Chatbot Overview
In recent times, chatbots have emerged as one of the most popular applications of Deep Learning. A lot of companies use chatbots to automate queries from users based on a knowledge base they have acquired over the years. It then makes sense for them to help a customer get quick answers to their questions from this knowledge base of articles rather than having them read pages of articles. This is where Question Answering chatbots come in. By feeding a large amount of text/domain knowledge to a chatbot, it is able to answer questions from the given text. Question Answering chatbots on a company’s website improves the user experience of a customer visiting the website. Let’s now understand how an organization can leverage AI to create their own Question Answering chatbots.
BERT, or Bidirectional Encoder Representations from Transformers, is a neural approach to pre-train language representations which obtains near state-of-the-art results on a wide array of Natural Language Processing (NLP) tasks such as Question Answering, speech recognition etc.
A detailed description about BERT’s architecture is available on Google’s research paper for BERT. To train a BERT model for question answering we use Stanford Question Answering Dataset (SQuAD) dataset. It is a reading comprehension dataset, consisting of questions posed by crowdworkers on a set of Wikipedia articles, where the answer to every question is a segment of text, or span, from the corresponding reading passage. Unlike SQuADv1.1, SQuADv2.0 can contain questions that are unanswerable.
NVIDIA GPU Cloud (NGC) provides state-of-the-art, optimized, machine learning frameworks, as well as models and scripts that can help you accelerate your AI journey and ensure that you’re always using the best tools for the job.
NGC provides BERT models which have been pre trained for hours on NVIDIA’s supercomputer so a user can download the model and fine-tune it on their own dataset without having to spend tremendous amounts of compute power on their side.
A deep learning model can’t consume text/sentences directly. The text first needs to be converted into a format that the model can understand. Tokenization is the process of breaking down the text into standard units that a model can understand. Traditional tokenization algorithms would split a sentence by a delimiter and assign each word a numerical value.
Example: “A quick fox jumps over a lazy dog” can be split into [“A”, “quick”, “fox”, “jumps”, “over”, “a”, “lazy”, “dog”] and can be assigned numerical values [1, 2,3, 4, 5, 6, 7, 8]. This vector can then be sent to a model as an input. The numeric values can be assigned by keeping a dictionary of all the words in the English language and giving each of them an ID. This dictionary is called a vocabulary in the NLP jargon.

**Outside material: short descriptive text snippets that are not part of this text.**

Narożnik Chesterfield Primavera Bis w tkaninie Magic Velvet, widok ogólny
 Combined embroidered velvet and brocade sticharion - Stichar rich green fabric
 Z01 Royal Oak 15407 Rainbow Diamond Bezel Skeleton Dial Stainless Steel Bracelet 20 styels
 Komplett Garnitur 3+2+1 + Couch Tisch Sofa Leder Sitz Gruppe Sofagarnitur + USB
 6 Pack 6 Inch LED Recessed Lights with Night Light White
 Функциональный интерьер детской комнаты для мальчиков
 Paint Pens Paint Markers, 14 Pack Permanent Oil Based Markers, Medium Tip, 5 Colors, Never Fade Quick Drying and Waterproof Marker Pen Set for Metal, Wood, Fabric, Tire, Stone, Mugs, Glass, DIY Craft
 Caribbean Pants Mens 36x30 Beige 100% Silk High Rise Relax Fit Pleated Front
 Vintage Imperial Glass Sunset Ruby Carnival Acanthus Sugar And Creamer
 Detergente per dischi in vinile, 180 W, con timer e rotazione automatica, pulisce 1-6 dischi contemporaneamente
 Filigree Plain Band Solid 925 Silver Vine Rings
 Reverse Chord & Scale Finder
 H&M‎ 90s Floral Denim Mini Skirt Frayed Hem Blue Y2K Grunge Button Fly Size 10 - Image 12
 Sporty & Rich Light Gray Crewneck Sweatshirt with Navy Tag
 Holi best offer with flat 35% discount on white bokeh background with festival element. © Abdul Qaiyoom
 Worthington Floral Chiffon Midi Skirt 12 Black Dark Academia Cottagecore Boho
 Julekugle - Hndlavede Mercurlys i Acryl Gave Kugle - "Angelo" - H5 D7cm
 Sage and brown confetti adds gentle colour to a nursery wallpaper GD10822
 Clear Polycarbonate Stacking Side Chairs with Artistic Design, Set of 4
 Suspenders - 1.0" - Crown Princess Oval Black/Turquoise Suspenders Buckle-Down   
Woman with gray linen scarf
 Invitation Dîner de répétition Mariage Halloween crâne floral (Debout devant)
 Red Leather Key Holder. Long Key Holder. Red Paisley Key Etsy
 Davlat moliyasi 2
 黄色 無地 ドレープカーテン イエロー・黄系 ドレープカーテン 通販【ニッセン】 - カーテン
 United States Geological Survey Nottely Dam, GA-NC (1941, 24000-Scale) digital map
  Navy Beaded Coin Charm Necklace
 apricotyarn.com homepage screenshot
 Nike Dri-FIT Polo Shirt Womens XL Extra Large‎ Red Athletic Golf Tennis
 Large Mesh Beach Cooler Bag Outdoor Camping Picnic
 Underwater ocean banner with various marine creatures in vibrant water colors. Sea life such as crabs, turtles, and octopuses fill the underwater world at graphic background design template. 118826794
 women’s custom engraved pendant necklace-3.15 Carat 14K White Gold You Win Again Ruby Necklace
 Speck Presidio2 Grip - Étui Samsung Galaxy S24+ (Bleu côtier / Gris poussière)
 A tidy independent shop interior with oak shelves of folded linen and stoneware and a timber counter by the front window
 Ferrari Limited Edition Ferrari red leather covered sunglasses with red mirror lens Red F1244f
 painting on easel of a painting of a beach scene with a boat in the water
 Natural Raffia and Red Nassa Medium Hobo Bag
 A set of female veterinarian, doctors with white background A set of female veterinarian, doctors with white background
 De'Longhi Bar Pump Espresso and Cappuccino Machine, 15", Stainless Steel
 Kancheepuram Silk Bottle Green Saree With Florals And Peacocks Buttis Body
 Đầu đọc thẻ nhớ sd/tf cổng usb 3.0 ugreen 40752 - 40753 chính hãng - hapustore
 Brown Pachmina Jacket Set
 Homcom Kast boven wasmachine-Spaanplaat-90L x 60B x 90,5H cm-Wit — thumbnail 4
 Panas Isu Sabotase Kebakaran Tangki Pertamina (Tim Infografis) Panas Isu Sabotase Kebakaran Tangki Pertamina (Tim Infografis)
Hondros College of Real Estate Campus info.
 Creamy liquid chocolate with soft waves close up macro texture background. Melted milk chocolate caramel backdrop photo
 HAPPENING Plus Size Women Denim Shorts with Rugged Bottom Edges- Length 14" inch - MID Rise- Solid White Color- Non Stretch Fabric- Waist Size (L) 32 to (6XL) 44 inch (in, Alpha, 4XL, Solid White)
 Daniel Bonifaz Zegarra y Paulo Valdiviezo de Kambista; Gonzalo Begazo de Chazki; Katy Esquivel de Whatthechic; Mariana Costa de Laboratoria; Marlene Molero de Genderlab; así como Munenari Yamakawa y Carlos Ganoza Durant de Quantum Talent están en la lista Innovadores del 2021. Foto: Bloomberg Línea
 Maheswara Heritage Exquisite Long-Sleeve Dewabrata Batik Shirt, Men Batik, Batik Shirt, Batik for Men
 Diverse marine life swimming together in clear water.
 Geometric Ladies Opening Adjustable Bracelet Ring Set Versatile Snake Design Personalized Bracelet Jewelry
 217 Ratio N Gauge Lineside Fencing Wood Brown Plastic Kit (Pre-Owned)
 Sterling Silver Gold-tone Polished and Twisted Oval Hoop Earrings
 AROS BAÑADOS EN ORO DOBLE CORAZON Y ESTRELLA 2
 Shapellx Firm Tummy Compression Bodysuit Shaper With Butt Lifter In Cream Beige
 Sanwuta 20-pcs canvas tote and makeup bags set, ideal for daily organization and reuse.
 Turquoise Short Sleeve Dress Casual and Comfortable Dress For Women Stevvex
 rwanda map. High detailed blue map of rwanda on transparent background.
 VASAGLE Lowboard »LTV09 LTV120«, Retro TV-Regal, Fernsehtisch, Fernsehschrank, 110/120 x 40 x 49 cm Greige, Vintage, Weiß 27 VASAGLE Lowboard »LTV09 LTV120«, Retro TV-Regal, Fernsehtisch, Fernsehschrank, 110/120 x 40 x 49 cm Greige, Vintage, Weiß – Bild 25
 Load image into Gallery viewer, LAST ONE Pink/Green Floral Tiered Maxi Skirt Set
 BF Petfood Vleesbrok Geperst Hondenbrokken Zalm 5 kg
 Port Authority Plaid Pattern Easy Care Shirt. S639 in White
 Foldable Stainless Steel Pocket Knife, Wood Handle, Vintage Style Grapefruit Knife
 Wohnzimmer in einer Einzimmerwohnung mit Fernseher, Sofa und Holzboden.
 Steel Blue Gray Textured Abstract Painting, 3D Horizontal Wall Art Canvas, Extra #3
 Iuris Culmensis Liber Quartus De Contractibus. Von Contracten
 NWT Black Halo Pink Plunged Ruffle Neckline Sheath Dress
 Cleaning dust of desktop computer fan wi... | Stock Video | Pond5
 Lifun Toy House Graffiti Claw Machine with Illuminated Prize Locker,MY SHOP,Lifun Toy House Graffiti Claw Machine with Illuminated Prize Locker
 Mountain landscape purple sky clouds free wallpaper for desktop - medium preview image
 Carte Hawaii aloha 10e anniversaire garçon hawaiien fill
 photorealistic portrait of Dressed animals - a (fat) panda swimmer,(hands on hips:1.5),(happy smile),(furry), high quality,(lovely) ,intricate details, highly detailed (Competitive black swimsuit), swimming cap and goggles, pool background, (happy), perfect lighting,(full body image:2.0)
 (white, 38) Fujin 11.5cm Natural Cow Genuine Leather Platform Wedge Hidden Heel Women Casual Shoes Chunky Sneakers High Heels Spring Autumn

Tokenizing words in this way (splitting by spaces) can pose the following issues: - A large vocabulary is needed as you will need to store all words in the dictionary. - Uncertainty of combined words like “check-in” (i.e., what exactly constitutes a word) is often ambiguous. - Certain languages don’t segment well by spaces.
A potential solution is to use subword tokenization, which helps break down unknown words into “subword units” so that models can make intelligent decisions on words that aren’t recognized. For example, words like check-in get further split into “check” and “in” or cycling into “cycle” and “ing” thereby reducing the number of words in the vocabulary.
A BERT model downloaded from NGC can be fine-tuned on SQUAD (Stanford’s Question Answering Dataset) to create a QA chatbot which can be hosted on Triton Inference Server. To feed a QA task into BERT, we pack both the question and the reference text into the input and tokenize them. The output is similarly tokenized. The model is then fine tuned with this input-output pair. This is how a Question Answering Model is trained.